TASK PROMPT: Every line below needs to be printed again exactly, without any of its pictures.

DATASET SECTION:
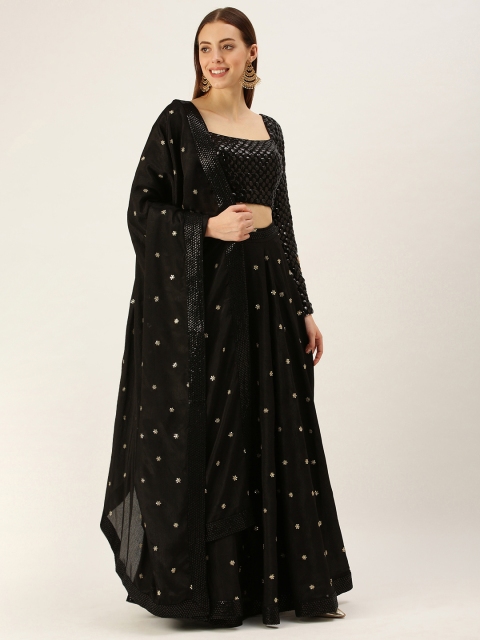 EthnoVogue Black & Golden Embellished Made to Measure Lehenga & Blouse With Dupatta
EthnoVogue Black & Golden Embellished Made to Measure Lehenga & Blouse With Dupatta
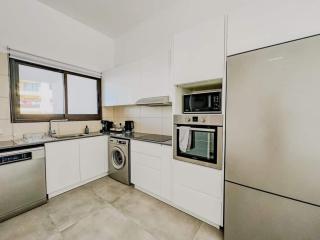 Queens Gardens Paradise Vip, Pool, Mall, Sea - 2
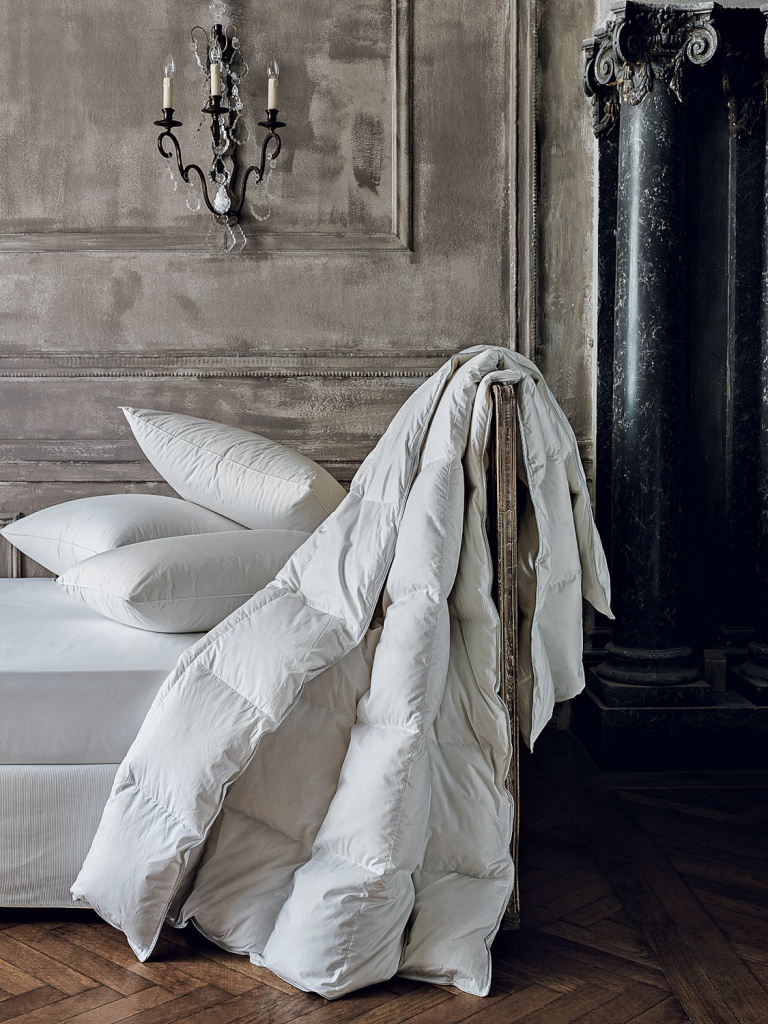 одеяло и подушки Голден Ганс с наполнителем - пух белого австрийского гуся, Togas House of Textiles.jpg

REPLY TO THE EXERCISE:
 EthnoVogue Black & Golden Embellished Made to Measure Lehenga & Blouse With Dupatta
EthnoVogue Black & Golden Embellished Made to Measure Lehenga & Blouse With Dupatta
 Queens Gardens Paradise Vip, Pool, Mall, Sea - 2
 одеяло и подушки Голден Ганс с наполнителем - пух белого австрийского гуся, Togas House of Textiles.jpg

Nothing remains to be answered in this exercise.